Segment Start: Extracted records

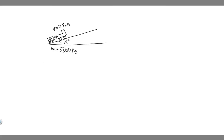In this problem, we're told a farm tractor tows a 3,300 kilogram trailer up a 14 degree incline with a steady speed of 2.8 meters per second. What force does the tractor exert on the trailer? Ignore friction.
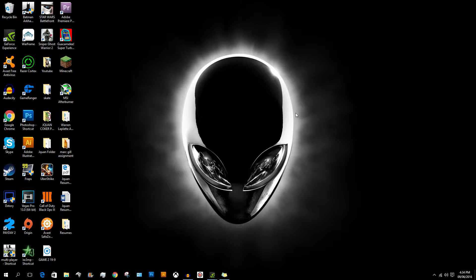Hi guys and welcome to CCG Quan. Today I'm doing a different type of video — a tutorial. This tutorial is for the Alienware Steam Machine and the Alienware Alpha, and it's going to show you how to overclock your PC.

Segment End: Extracted records
Segment Start: Extracted records

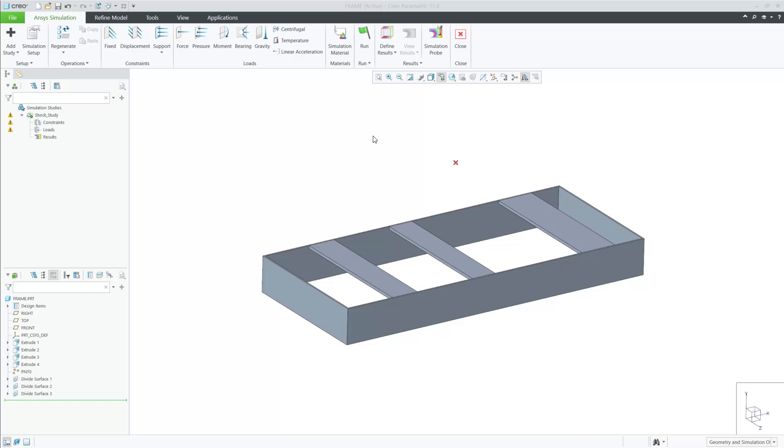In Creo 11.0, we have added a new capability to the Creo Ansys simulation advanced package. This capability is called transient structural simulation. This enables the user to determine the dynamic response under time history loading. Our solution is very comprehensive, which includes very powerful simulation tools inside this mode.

Segment End: Extracted records
Segment Start: Extracted records

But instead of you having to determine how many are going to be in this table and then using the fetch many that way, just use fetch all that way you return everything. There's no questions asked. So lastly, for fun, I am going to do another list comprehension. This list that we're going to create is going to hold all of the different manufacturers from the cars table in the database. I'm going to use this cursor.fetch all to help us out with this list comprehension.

Segment End: Extracted records

> To do:
Reproduce exactly the lines of the data above that run from the line with "In this problem, we're" down to the line with "Hi guys and", both ends included. Pictures do not belong in the copy.

> Your response:
In this problem, we're told a farm tractor tows a 3,300 kilogram trailer up a 14 degree incline with a steady speed of 2.8 meters per second. What force does the tractor exert on the trailer? Ignore friction.
Hi guys and welcome to CCG Quan. Today I'm doing a different type of video — a tutorial. This tutorial is for the Alienware Steam Machine and the Alienware Alpha, and it's going to show you how to overclock your PC.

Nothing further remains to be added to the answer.